Заодно я и ты, коллективно, раза два-три получим удовольствие.

Решительно и ловко она схватила обеими руками ладонь правой руки и ловко засунула три мощных и самых длинных пальца молодого Кадабракина себе в… промежность. При этом она настоятельно рекомендовала студенту проникать ими глубоко и шевелить, шевелить, шевелить, чтобы по всем направлениям достичь желаемого эффекта. Приятное, как водится, с полезным.

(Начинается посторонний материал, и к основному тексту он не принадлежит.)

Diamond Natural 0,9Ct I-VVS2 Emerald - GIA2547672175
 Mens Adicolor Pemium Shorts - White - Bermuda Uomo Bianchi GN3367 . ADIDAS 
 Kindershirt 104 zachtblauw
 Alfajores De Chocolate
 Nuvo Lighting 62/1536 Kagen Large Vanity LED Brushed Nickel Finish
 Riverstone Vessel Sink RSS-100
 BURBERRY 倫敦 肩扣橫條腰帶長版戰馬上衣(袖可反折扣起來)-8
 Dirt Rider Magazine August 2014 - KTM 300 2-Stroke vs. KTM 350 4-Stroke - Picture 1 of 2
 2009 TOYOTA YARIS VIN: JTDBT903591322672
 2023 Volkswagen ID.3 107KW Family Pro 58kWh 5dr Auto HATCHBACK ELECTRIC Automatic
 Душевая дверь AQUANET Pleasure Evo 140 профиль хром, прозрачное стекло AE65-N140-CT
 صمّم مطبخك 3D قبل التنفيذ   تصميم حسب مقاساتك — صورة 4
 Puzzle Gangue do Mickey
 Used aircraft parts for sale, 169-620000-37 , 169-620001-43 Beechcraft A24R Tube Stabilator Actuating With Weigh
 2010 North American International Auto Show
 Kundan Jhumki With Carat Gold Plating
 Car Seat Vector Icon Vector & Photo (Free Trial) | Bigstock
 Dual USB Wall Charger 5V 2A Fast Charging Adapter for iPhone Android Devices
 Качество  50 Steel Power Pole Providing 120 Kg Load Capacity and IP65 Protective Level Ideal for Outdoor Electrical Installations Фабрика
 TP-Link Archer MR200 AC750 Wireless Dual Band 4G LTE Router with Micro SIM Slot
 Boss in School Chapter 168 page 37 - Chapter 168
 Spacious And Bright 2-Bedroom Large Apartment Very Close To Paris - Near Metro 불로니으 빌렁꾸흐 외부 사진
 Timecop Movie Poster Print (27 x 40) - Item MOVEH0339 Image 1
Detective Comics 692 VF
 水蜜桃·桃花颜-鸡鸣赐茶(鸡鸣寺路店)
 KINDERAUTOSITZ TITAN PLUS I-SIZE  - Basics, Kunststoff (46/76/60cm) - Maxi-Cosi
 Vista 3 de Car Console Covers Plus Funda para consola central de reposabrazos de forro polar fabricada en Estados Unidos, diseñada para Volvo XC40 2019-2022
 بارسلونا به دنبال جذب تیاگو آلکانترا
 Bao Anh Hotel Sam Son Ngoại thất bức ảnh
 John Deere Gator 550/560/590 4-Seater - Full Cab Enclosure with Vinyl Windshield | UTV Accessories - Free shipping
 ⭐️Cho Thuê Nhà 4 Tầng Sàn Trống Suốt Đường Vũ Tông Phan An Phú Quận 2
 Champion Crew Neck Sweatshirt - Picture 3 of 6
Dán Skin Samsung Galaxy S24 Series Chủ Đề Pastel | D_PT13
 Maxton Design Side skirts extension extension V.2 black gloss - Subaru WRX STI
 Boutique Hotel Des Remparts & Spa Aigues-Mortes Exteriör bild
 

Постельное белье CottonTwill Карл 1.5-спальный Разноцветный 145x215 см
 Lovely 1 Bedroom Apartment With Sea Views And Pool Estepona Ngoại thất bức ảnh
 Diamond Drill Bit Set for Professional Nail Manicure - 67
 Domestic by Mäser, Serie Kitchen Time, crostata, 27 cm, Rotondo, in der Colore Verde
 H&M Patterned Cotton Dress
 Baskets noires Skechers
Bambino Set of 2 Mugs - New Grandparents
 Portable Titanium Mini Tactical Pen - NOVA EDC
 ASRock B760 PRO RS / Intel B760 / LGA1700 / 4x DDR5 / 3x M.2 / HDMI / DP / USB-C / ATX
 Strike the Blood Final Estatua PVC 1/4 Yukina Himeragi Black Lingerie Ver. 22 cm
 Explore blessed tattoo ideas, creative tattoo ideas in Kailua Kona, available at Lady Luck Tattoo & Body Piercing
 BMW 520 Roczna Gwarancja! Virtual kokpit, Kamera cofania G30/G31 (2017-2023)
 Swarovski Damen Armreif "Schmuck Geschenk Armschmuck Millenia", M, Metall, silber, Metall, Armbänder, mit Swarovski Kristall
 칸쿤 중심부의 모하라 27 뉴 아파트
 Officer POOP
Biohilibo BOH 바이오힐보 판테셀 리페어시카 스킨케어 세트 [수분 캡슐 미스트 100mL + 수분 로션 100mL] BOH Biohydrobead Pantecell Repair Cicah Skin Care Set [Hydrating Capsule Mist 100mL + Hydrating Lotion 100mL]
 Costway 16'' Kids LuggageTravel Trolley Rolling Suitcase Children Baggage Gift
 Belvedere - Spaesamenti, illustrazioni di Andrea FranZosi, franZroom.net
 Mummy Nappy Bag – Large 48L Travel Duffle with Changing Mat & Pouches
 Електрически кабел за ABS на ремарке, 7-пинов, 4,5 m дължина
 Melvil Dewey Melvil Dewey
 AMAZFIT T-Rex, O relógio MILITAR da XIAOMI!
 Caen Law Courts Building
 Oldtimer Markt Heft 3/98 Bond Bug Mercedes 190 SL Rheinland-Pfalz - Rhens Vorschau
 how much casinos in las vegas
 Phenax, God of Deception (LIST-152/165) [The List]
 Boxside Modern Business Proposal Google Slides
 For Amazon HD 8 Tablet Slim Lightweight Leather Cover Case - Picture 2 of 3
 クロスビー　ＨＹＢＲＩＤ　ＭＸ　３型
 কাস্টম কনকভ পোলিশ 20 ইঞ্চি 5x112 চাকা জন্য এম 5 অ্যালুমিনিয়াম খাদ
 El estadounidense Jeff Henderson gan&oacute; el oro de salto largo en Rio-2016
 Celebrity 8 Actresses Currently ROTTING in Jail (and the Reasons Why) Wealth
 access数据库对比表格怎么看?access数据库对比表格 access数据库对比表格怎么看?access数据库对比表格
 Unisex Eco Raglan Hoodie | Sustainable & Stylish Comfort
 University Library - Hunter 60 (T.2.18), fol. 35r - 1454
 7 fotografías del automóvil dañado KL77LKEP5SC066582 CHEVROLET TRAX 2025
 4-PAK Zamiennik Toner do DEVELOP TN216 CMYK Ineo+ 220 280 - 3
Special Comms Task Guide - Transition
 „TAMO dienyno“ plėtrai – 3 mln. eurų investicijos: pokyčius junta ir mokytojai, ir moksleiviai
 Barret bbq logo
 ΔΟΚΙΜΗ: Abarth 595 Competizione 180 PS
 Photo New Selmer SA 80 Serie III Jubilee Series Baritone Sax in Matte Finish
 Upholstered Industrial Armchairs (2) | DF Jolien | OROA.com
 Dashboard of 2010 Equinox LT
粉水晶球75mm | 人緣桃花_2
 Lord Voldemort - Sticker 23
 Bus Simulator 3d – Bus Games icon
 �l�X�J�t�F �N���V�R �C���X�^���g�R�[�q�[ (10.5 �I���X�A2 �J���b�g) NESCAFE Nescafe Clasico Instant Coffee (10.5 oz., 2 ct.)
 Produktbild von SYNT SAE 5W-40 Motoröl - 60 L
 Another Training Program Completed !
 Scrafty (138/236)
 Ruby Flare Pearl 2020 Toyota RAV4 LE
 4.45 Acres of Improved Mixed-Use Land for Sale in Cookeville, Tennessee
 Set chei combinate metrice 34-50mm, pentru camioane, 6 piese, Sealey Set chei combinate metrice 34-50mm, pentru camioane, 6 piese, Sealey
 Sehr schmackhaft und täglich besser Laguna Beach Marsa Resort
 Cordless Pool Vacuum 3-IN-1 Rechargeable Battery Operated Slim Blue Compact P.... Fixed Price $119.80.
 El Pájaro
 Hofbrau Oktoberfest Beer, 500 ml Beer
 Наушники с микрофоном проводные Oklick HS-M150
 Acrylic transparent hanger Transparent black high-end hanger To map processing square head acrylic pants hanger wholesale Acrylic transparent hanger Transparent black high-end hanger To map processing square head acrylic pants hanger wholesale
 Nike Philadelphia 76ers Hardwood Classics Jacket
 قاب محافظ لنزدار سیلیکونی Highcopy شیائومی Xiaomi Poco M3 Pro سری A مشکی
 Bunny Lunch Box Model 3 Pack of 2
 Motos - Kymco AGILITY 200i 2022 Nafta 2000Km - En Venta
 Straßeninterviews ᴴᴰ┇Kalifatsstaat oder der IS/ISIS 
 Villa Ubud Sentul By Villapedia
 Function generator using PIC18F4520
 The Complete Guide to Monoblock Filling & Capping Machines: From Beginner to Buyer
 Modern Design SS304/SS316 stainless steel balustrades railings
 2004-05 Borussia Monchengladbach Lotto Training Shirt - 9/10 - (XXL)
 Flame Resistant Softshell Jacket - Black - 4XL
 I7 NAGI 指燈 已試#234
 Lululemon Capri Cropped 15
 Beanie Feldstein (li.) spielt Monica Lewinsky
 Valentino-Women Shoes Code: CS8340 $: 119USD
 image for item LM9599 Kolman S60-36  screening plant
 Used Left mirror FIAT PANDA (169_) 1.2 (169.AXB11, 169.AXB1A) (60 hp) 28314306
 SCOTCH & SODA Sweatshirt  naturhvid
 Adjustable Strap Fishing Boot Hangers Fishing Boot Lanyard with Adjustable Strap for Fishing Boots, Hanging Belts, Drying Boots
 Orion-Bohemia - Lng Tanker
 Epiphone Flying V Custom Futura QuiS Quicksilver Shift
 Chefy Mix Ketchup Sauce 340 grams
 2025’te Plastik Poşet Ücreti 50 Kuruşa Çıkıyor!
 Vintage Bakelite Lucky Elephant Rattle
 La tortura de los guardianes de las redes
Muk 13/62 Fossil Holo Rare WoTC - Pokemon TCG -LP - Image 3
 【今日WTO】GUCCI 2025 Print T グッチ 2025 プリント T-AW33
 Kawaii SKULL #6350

Надо ли говорить, что Абран получал какое-то удовольствие, время от времени орошая свои плавки обильной семенной жидкостью. Он не желал открывать глаза уже потому, что просто не намеревался испортить себе настроение от внешнего вида тридцати семилетней, прошедшей огни и воды, Эвредики. Она тоже что-то ведь чувствовала и производила разного рода телодвижения и даже протяжно вздыхала и всхлипывала.

Всё явственней и чётче слышались голоса людей и даже музыка, но открывать глаза Абран не собирался. Что ж там скрывать, он поучал некоторое удовольствие. Он даже уже понимал, чувствовал, когда следует останавливаться, давать возможность отдохнуть своей правой руке.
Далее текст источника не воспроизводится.